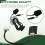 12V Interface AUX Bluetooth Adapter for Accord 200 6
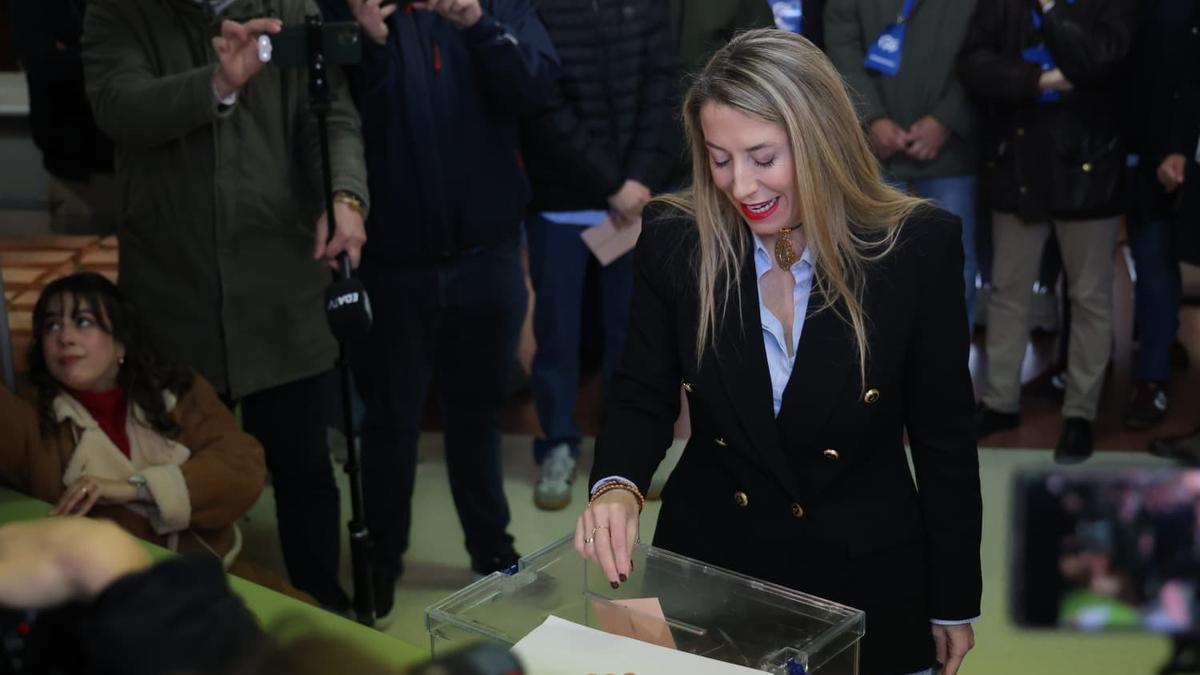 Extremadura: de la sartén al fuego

...

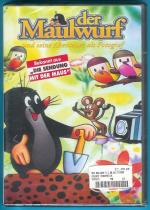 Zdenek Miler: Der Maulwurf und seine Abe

- _The problem_
Your answer must be everything above from the line with "12V Interface AUX" down to the line with "Extremadura: de la sartén al fuego", word for word, and no pictures.

- _Output below_
 12V Interface AUX Bluetooth Adapter for Accord 200 6
 Extremadura: de la sartén al fuego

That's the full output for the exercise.